Part of my reasoning for suggesting Bruce could start is a) his point-of-attack defense is a breath of fresh air for a group that, um, doesn’t exactly apply the most physical of defense while opponents initiate their sets, and b) I fret over pairing Brown with a fellow non-shooter in Nicolas Claxton on the bench. Though lineups featuring Brown and Clax have graded out incredibly well defensively (a 100.4 defensive rating is utterly absurd), their 107.3 points per 100 possessions on offense would be a bottom-6 offensive rating, which is almost tough to do on a roster THIS loaded up with starbursts of individual offense.
That leaves us with the bench. So it’s either Brown or Harris, Jeff Green, Landry Shamet, and Nicolas Claxton. Either sounds like a lineup perfectly suited for James Harden’s skillset.
For argument’s sake, with Harris, you’d have three guys shooting over 38 percent from three, a blossoming rim-runner in Claxton, plus Harden? Talk about a match made in heaven. Should Brooklyn want to differentiate things in the pick-and-roll for Harden, it can slide Green in as the screener who offers both popping (55th percentile, per Synergy) and rolling (77th percentile, per Synergy) capabilities. Harris and Shamet can also set screens to pop into open space, and given that both players tend to be guarded by weaker defenders, screening for Harden can give the tactical mismatch-hunter tasty options to pick on.
For now, I’d wager that Steve Nash separates 7/11’s minutes from Harden’s to let The Beard get on the board while involving the role players. If Nash does shorten his rotation to eight players, how well Shamet shoots the ball could very well make that decision easier. He’s the swing guy right now, in my eyes.
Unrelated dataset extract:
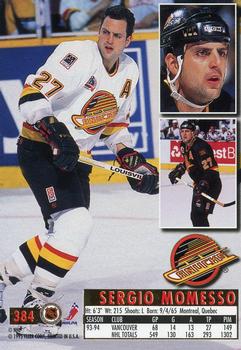 1994-95 Ultra #384 Sergio Momesso Back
Most of the discourse surrounding the Nets and winning a championship has been centered on defense. Namely, can the Nets be just average on the defensive side of the ball to squeak by while the offense takes care of the rest? And while I do think there is some truth to that notion — defense being, you know, important — the stat that stuck out to me actually has nothing to do with how the Nets guard the opponent.
Per Stat Muse, the Brooklyn Nets are 31-3 when they score 120 points or more.
That’s right, the Nets win 90 percent of their games when scoring 120 points (for context, the record-breaking 2016 Golden State Warriors won 89 percent of their total games). That sample of scoring 120+ points isn’t exactly minuscule either; it represents 47 percent of Brooklyn’s outcomes this season. (They’re also 9-1 when they’ve scored 130! That’s not that much of a small sample either.)
On the opposite end of the court, the Nets were 9-13 when allowing 120 points or more, which isn’t good but also isn’t as catastrophically bad as some are making it out to be. So despite all the flustering surrounding Brooklyn’s defense, it’s the offense that seems to catapult Brooklyn into practically unbeatable territory.
You can take this a variety of ways. Blake Griffin’s shooting (more on that in a second) could be an important variable for the Nets in the postseason. How Nicolas Claxton fares against the bruisers in the East could also be a significant thing to watch.
However, I choose Bruce Brown as my X-Factor for this Nets playoff run. Here’s the thing about Bruce: Every single time I count him out this year, he finds a way to claw his way back into the rotation. When his floater stopped falling at about the same time that the Nets brought in a cadre of centers (LaMarcus Aldridge, Blake Griffin, and Nicolas Claxton from injury), all of whom took away Brown’s cutting lanes, he made up for the lost time by leading the team in offensive rebounds for, like, a whole dang month. Now that Brooklyn’s center rotation has thinned out a little bit after losing LaMarcus Aldridge to sudden retirement and by shedding the ghost of DeAndre Jordan into the gulag, Brown’s precious areas of open floor space are available for the taking once more.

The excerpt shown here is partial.